Keep the voice charter and the three-register sentence with your portfolio. You'll apply this charter in every piece from here on, and you'll feel it most in Chapter 19 (emails, where tone makes or breaks the request), Chapter 27 (Dana's data memo, where register shifts with the reader), and Chapter 28 (the blog post, where voice and the jargon budget meet). Next chapter (Paragraphs) moves up one level: you can now choose the right word and set the right tone — but words and sentences have to flow into paragraphs the reader can follow, which is the craft of cohesion and transitions.
7.10 Common Mistakes & Practical Considerations
Even writers who know these moves trip on the same edges. Here are the ones worth naming.
Confusing tone with clarity (the Chapter 3 collision). The most common conceptual error after this chapter is thinking word choice and clarity are the same skill. They're not. A sentence can be perfectly clear (Chapter 3 satisfied) and still tonally wrong — too cold for a condolence, too breezy for a journal, too certain for the evidence, quietly exclusionary. Run both checks: "Is this clear?" and "Is this the right word — connotation, register, certainty, inclusivity?" Clear-but-wrong-toned writing fails just as surely as unclear writing, only the reader blames you instead of the prose.
Over-applying the plain-language swap. The swap table (§7.8) is a default, not a law. Mechanically replacing every long word with a short one strips out the genuinely precise terms (optimal, methodology, terminate in their correct senses) and can clash with a register that legitimately wants formality (a contract, a regulatory filing). Swap for precision, not for brevity for its own sake. Ask of each fancy word: is it precise here, or just pretentious? Keep the precise ones.
Treating inclusive language as a checklist instead of a principle. Mechanically find-and-replacing "blacklist" while leaving your prose riddled with "that's insane" and gendered defaults misses the point — and so does nervous over-correction that reads as performance.

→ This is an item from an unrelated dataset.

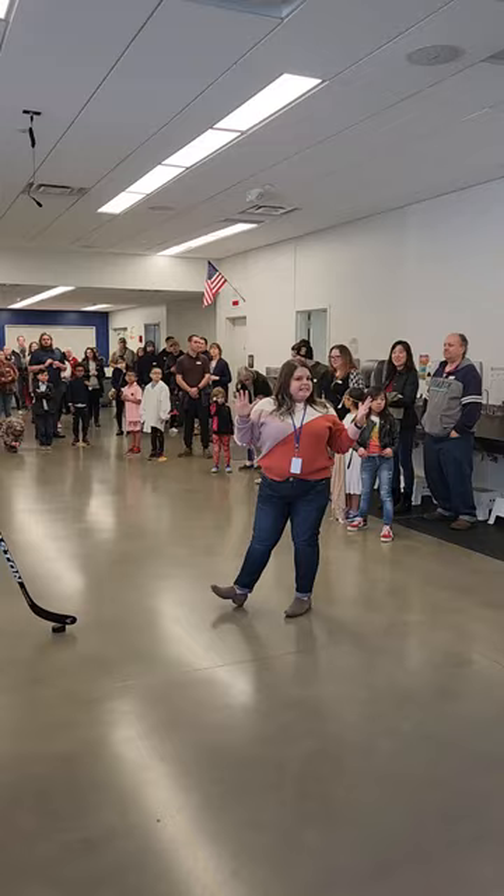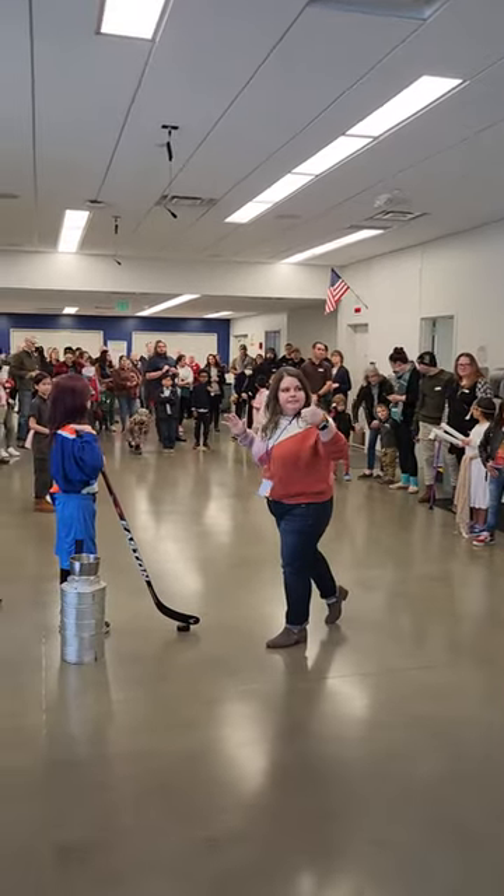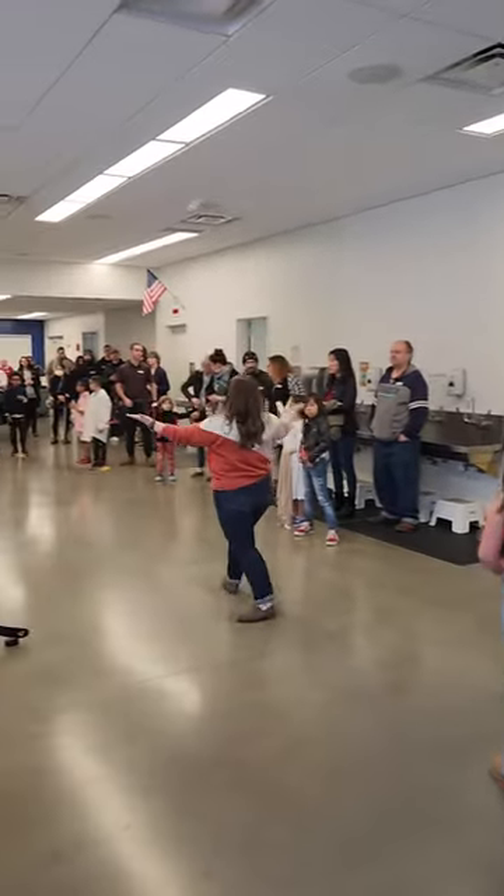I think that is it. Am I missing anything, teachers? Does that sound good? Okay! Have fun!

The principle is the same as every word choice in this chapter: does this word serve the actual reader, or exclude/distract/mislead them? Applied as a principle, it's a precision tool. Applied as a fearful checklist, it becomes its own no-voice.
Hedging by habit instead of by calibration. Many writers (and many disciplines, and many second-language writers) hedge everything out of trained caution, so the hedges stop carrying information — when every claim is "may possibly suggest," the reader can't find the one claim that's genuinely uncertain. Calibrate: commit to what you're sure of, hedge what you're not, so the presence of a hedge means something. (If English isn't your first language, use §7.5's table explicitly; your ear may be calibrated to a different convention.)

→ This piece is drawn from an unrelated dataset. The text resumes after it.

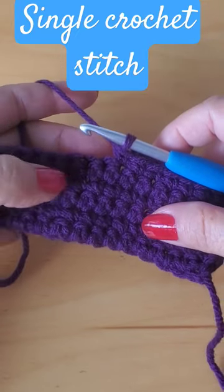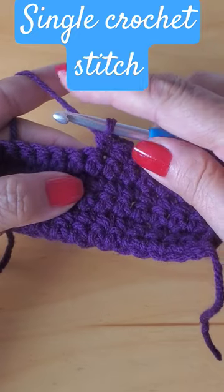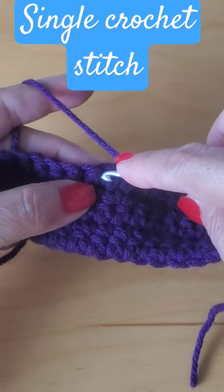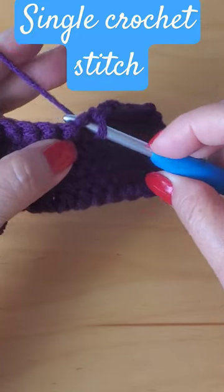A single crochet is one of the basic stitches in crochet. To make a single crochet, you're just going to stick your hook into whichever stitch is indicated on your pattern. Put your hook into the stitch and with the hook part, grab that yarn.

Letting the medium dictate carelessness. "It's just Slack / just an email, so tone doesn't matter" is false. Informal register is not the same as no-thought — a curt Slack message can damage a working relationship as fast as a cold email. Informal means casual and fast, not thoughtless. The connotation of your words and the warmth (or absence) of your tone matter in every medium; they just dress differently.

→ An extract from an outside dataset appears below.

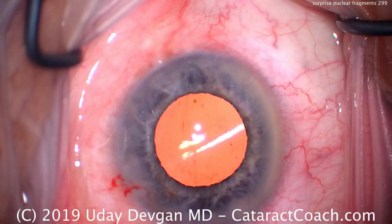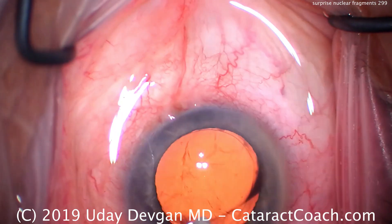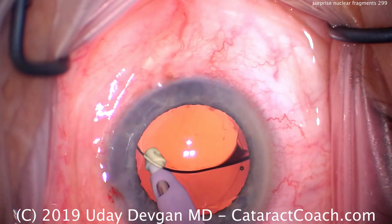Lens centers nicely. I'm sure it's totally in the capsular bag, and now it's time for our irrigation aspiration. I use a high flow rate here — I like at least 15, preferably 60 cc's a minute.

Decision framework — choosing a word when several would be clear:
| Ask… | If the answer is… | Then… |
|---|---|---|
| What does this word make the reader feel? | Wrong feeling for my intent | Pick the synonym with the right connotation (§7.1). |
| Does the formality fit the genre and reader? | Too formal / too casual | Shift register; keep facts constant (§7.3). |
| Does my stated certainty match my evidence? | Over- or under-claiming | Calibrate the hedge up or down (§7.5). |
| Does this word commit, or dodge? | Dodges (weasel/euphemism) | Replace with the committed, checkable claim (§7.6). |
| Could this word exclude or insult the reader? | Yes | Choose the inclusive — and usually more precise — alternative (§7.7). |
| Is the fancy word precise or just pretentious? | Just pretentious | Swap for the plain word (§7.8). |
| Did I name the same concept two different ways? | Yes | Pick one term and repeat it (§7.9). |
Frequently Asked Questions
What's the difference between word choice and clarity? Isn't it the same thing?
No — they're different skills that work together. Clarity (Chapter 3) is about removing words that don't carry meaning, so the reader extracts your point on the first pass. Word choice and tone (this chapter) is about choosing among the words that would all be clear: which one has the right connotation, the right formality, the right certainty for this reader and genre. A sentence can be perfectly clear and still be the wrong word — too cold, too casual, too certain, or quietly exclusionary. Run both checks: "Is it clear?" and "Is it the right word for this reader and moment?"
How do I match the right register to my audience?
Identify two things: your audience (who's reading) and your genre (what kind of document it is). Then pick a register — formal, neutral, or informal — that fits both. A journal article or contract calls for formal (no contractions, technical vocabulary, the writer invisible); a workplace email or blog post calls for neutral (plain, clear, restrained personality); a Slack message or internal note calls for informal (conversational, contractions, fast). The same content can be written in any register — only the formality changes, not the facts. The classic test: would this sound right read aloud in that setting? A tweet read aloud in a journal, or a journal sentence dropped into Slack, both sound absurd — that's a register mismatch.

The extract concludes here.